■ Assignment
Write the records out again exactly as they read, dropping any picture they hold.

::: Material shown :::

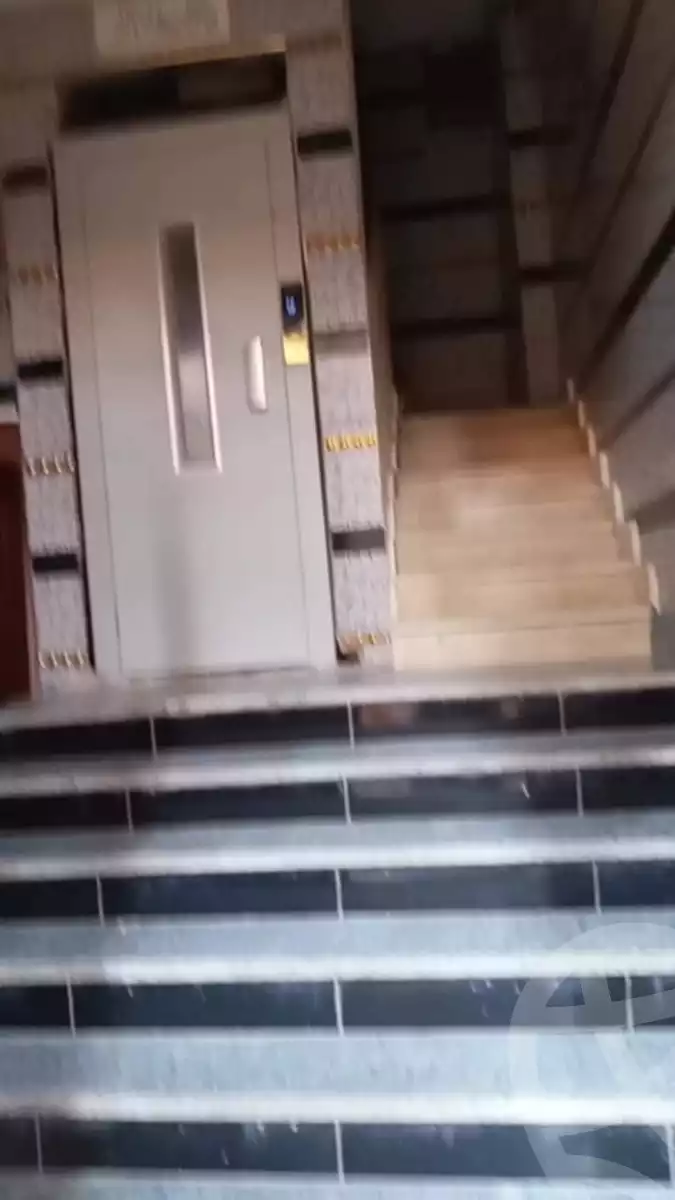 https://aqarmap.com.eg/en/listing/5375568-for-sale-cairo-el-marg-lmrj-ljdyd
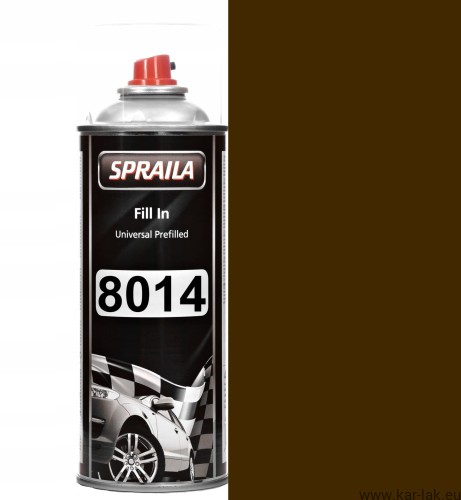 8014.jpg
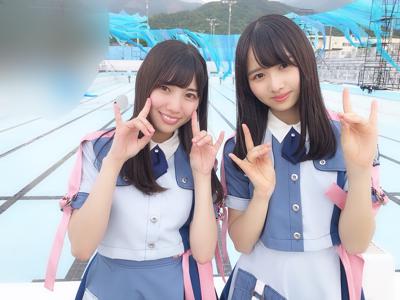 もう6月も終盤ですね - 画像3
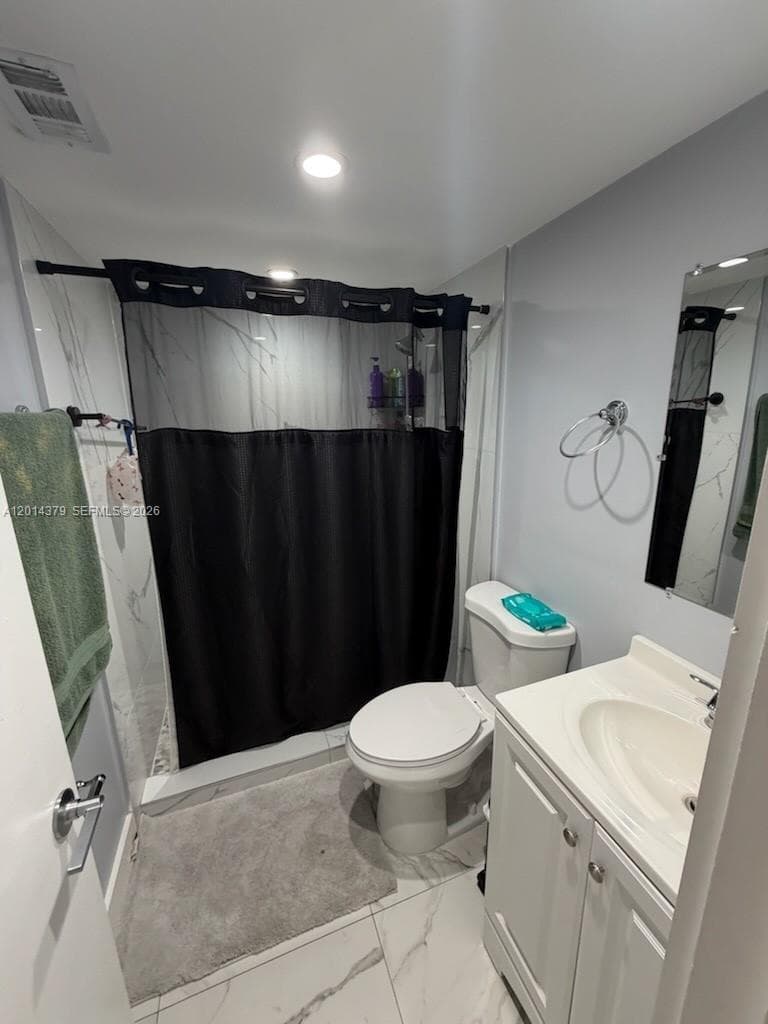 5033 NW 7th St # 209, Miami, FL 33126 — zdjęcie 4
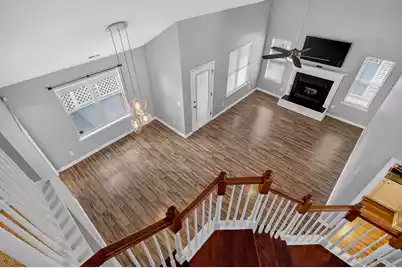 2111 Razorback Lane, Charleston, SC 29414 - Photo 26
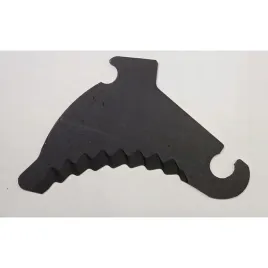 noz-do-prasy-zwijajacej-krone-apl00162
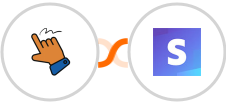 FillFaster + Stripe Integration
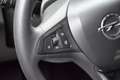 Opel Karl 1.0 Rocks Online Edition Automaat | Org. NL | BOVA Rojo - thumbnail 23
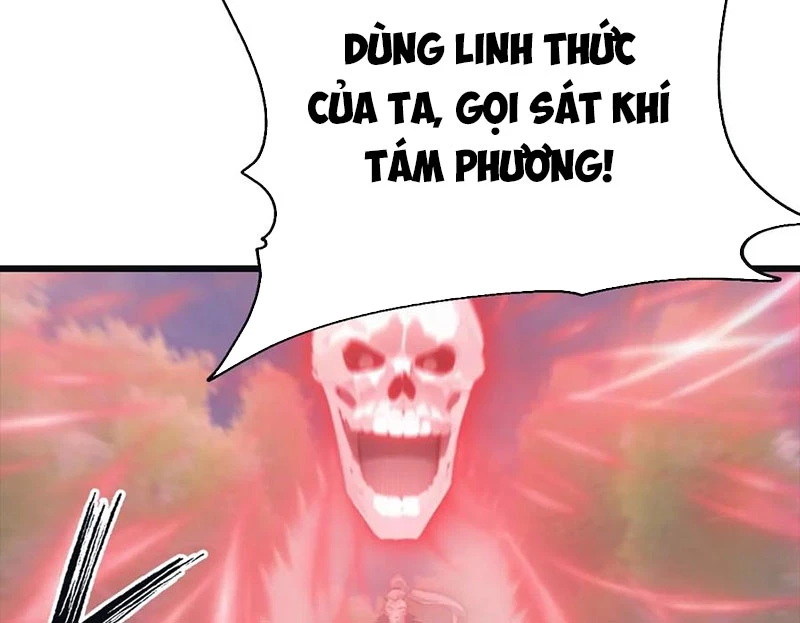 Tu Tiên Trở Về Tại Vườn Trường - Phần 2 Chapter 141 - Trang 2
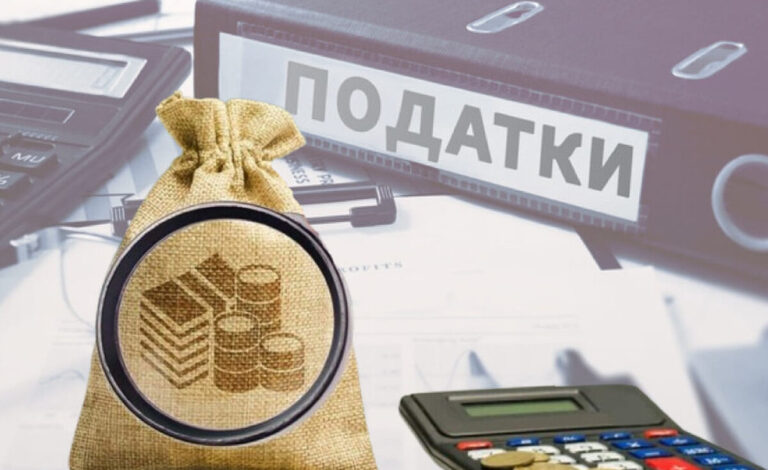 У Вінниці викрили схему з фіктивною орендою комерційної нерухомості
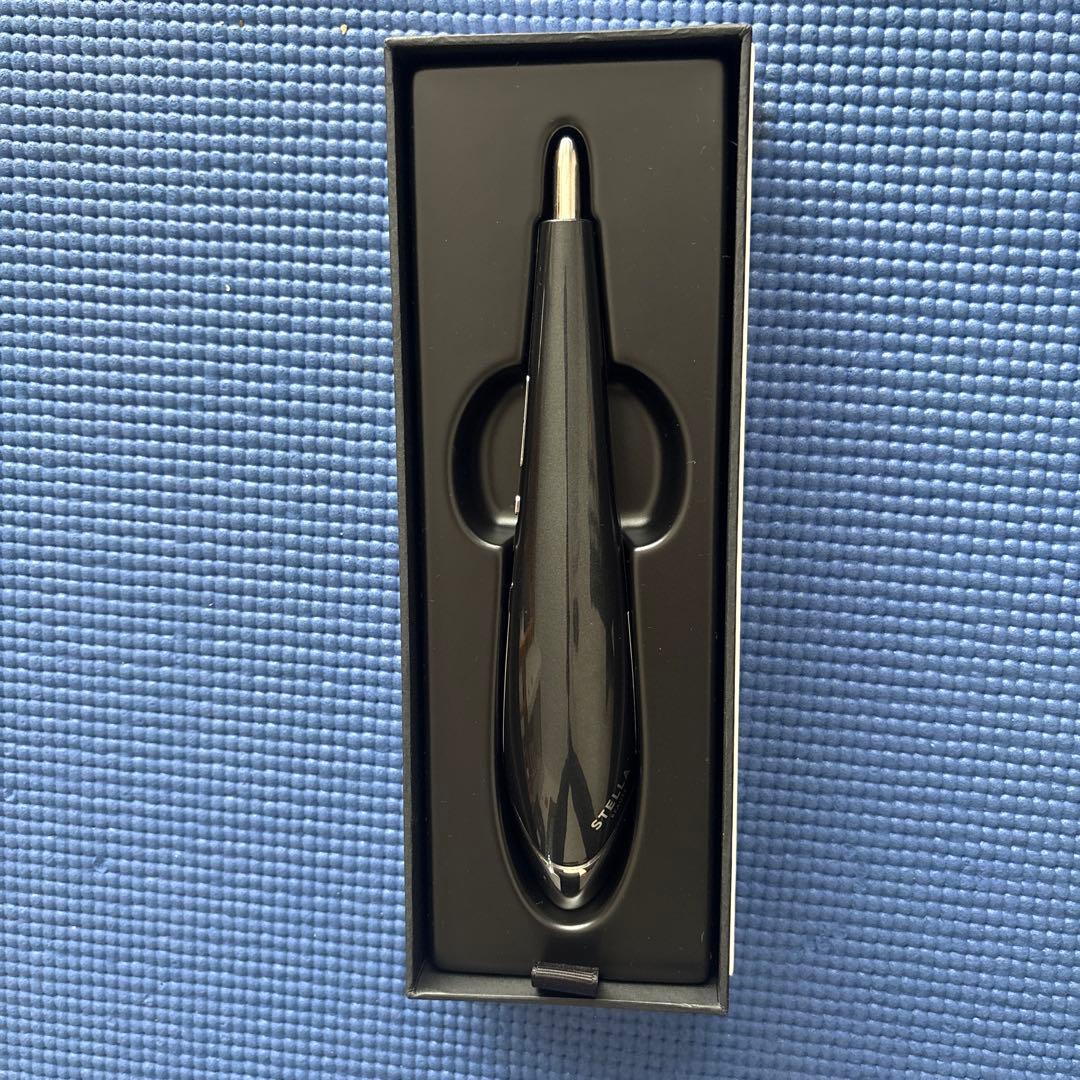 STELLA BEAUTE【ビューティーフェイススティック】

:::

■ Answer to the exercise
 https://aqarmap.com.eg/en/listing/5375568-for-sale-cairo-el-marg-lmrj-ljdyd
 8014.jpg
 もう6月も終盤ですね - 画像3
 5033 NW 7th St # 209, Miami, FL 33126 — zdjęcie 4
 2111 Razorback Lane, Charleston, SC 29414 - Photo 26
 noz-do-prasy-zwijajacej-krone-apl00162
 FillFaster + Stripe Integration
 Opel Karl 1.0 Rocks Online Edition Automaat | Org. NL | BOVA Rojo - thumbnail 23
 Tu Tiên Trở Về Tại Vườn Trường - Phần 2 Chapter 141 - Trang 2
 У Вінниці викрили схему з фіктивною орендою комерційної нерухомості
 STELLA BEAUTE【ビューティーフェイススティック】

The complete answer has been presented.